• _TRY IT_
Your answer must repeat all of the entries word for word, without any images.

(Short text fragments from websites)
- Opening Delimiter -
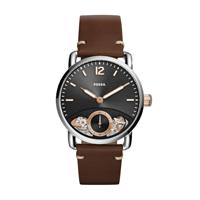Horlogeband Fossil ME1165 Leder Bruin 22mm - thumbnail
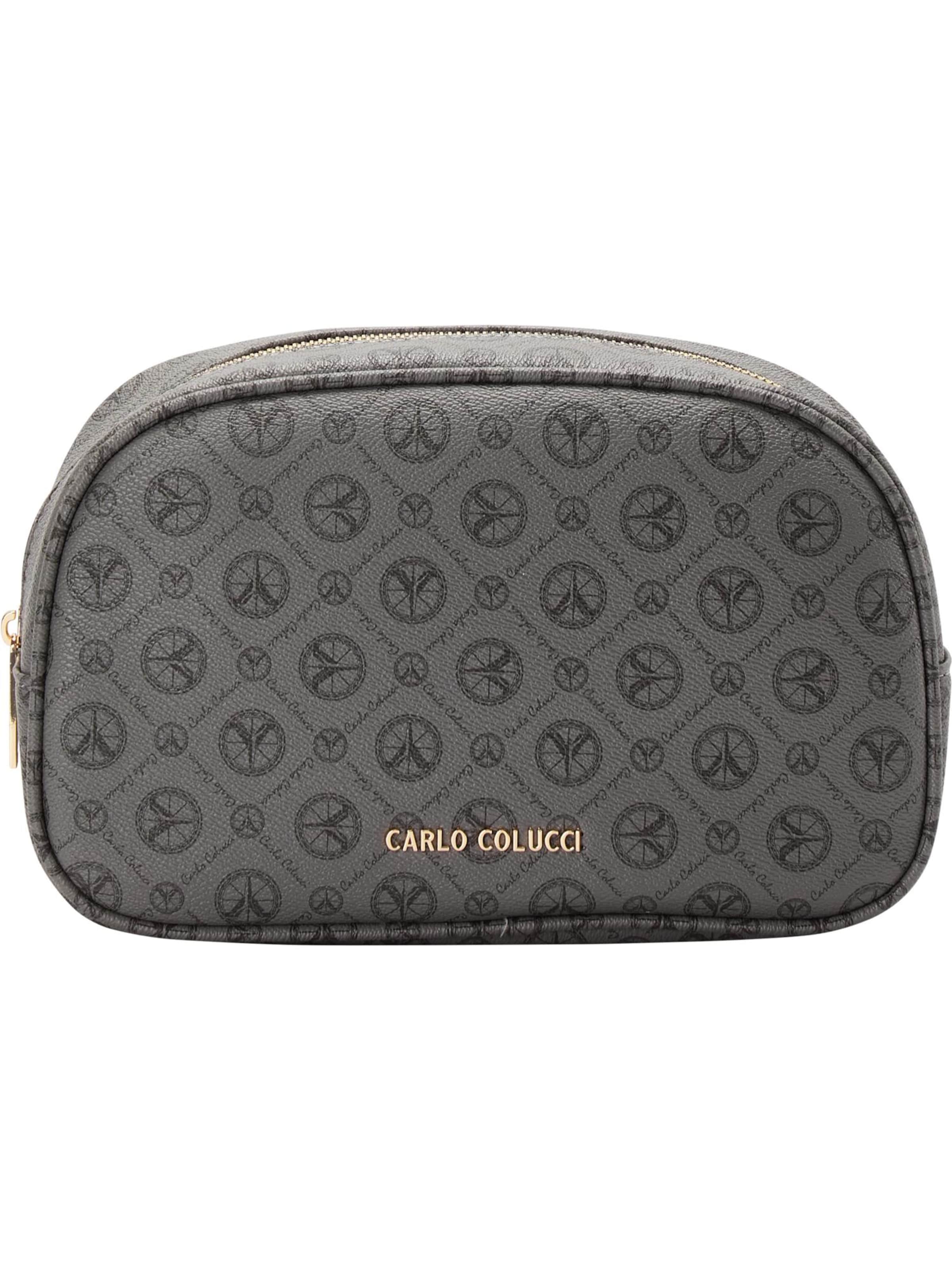 Carlo Colucci Toilettas ' Cozzio ' in Grijs: voorkant
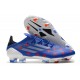 Bota de Futbol adidas X Speedflow.1 FG Azul Blanco Vivid Red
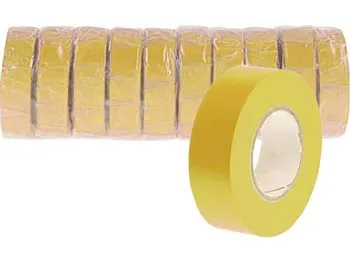 Rouleau adhésif jaune<br> Largeur 19 mm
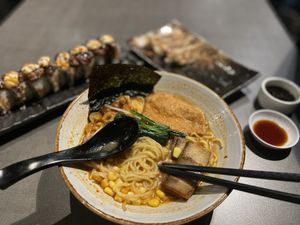   at Herbivore Japanese Vegetarian Restaurant in Central Singapore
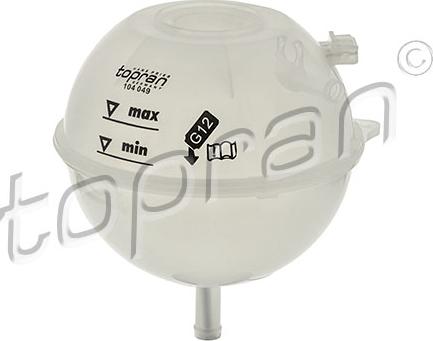 Topran 104 049 - Expansion Tank, coolant autospares.lv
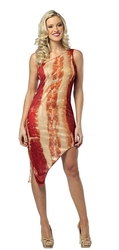 FOOD -  BACON SLICE DRESS COSTUME (ADULT - ONE-SIZE 4-10)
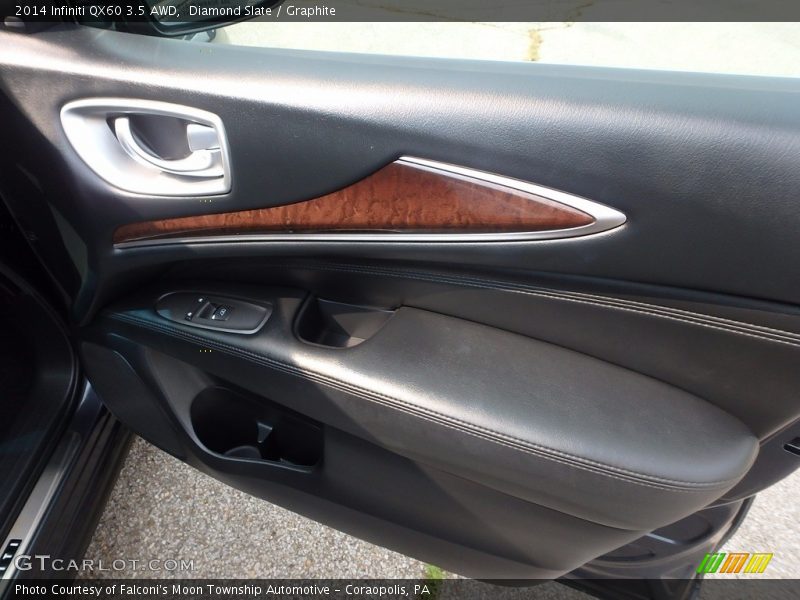 Diamond Slate / Graphite 2014 Infiniti QX60 3.5 AWD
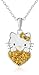 Hello Kitty Girls Crystal Birthstone Heart-Pendant Necklace, 18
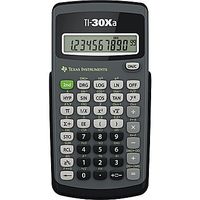 Texas Instruments Scientific Calculator (TI-30Xa) | One Line 10 Digit Display | Fraction Features | One-Variable Statistics | Conversions | Basic Scientific and Trigonometeric Functions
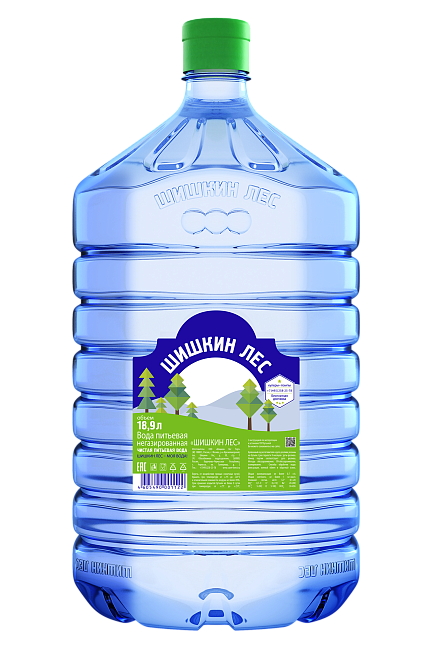 Вода питьевая "Шишкин лес" 18,9л в одноразовой таре
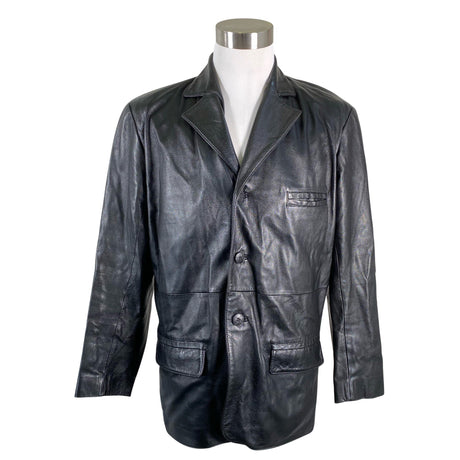 Unisex Kari Lepistö Leather - Nahktagi, suurus L - Must ()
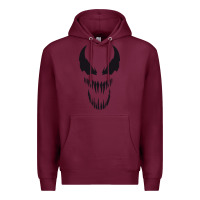 Burgundy VENOM THE MOVIE Premium Hoodie - artisFamous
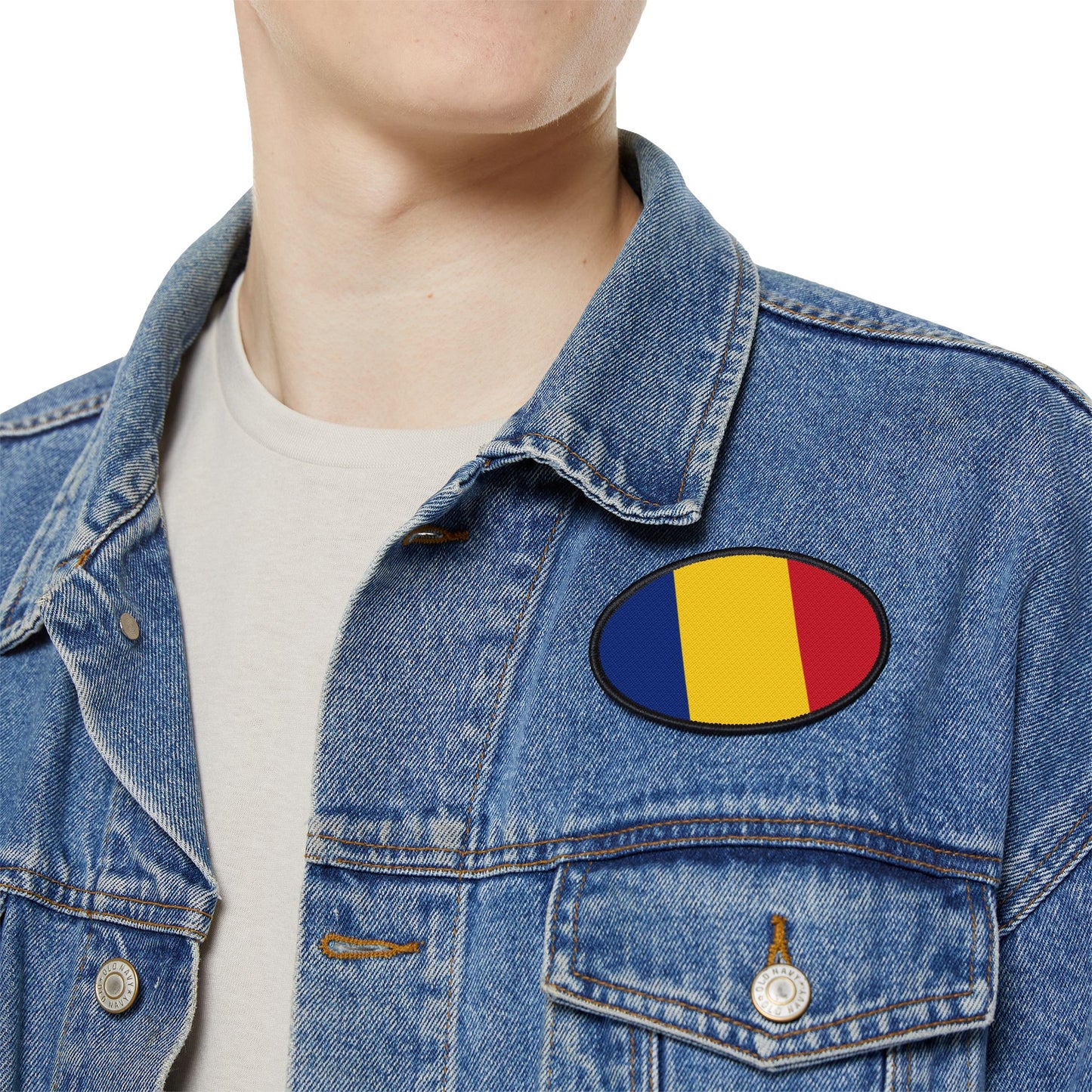 Flag Village Romania Flag Embroidery Iron-On Patches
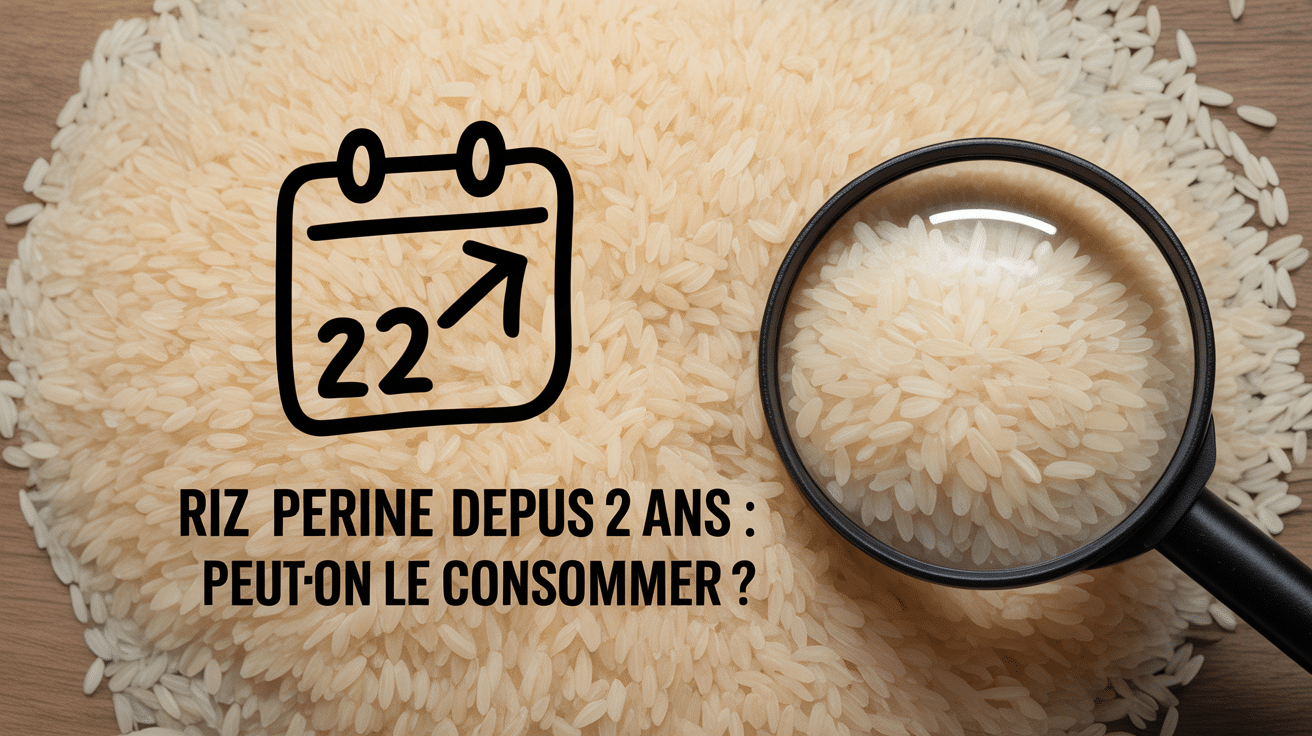 Grains de riz périmé depuis 2 ans avec calendrier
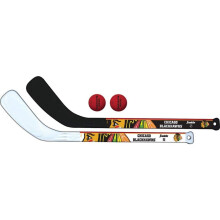 Franklin Sports Chicago Blackhawks NHL Mini Hockey Stick Set - Knie Hockey Stick en Bal Set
- Closing Delimiter -
• _SOLUTION BELOW_
Horlogeband Fossil ME1165 Leder Bruin 22mm - thumbnail
 Carlo Colucci Toilettas ' Cozzio ' in Grijs: voorkant
 Bota de Futbol adidas X Speedflow.1 FG Azul Blanco Vivid Red
 Rouleau adhésif jaune<br> Largeur 19 mm
   at Herbivore Japanese Vegetarian Restaurant in Central Singapore
 Topran 104 049 - Expansion Tank, coolant autospares.lv
 FOOD -  BACON SLICE DRESS COSTUME (ADULT - ONE-SIZE 4-10)
 Diamond Slate / Graphite 2014 Infiniti QX60 3.5 AWD
 Hello Kitty Girls Crystal Birthstone Heart-Pendant Necklace, 18
 Texas Instruments Scientific Calculator (TI-30Xa) | One Line 10 Digit Display | Fraction Features | One-Variable Statistics | Conversions | Basic Scientific and Trigonometeric Functions
 Вода питьевая "Шишкин лес" 18,9л в одноразовой таре
 Unisex Kari Lepistö Leather - Nahktagi, suurus L - Must ()
 Burgundy VENOM THE MOVIE Premium Hoodie - artisFamous
 Flag Village Romania Flag Embroidery Iron-On Patches
 Grains de riz périmé depuis 2 ans avec calendrier
 Franklin Sports Chicago Blackhawks NHL Mini Hockey Stick Set - Knie Hockey Stick en Bal Set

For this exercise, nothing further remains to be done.